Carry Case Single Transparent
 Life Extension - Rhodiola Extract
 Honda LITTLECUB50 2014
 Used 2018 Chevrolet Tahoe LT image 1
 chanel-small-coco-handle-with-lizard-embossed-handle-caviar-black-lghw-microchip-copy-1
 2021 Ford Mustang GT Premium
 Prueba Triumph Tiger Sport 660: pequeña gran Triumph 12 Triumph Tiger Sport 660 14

====

▶ [What you will do] Set out exactly the run of lines that begins at the line holding "Life Extension - Rhodiola Extract" and ends at the last line of the data.

▶ [Answer to this task]
 Life Extension - Rhodiola Extract
 Honda LITTLECUB50 2014
 Used 2018 Chevrolet Tahoe LT image 1
 chanel-small-coco-handle-with-lizard-embossed-handle-caviar-black-lghw-microchip-copy-1
 2021 Ford Mustang GT Premium
 Prueba Triumph Tiger Sport 660: pequeña gran Triumph 12 Triumph Tiger Sport 660 14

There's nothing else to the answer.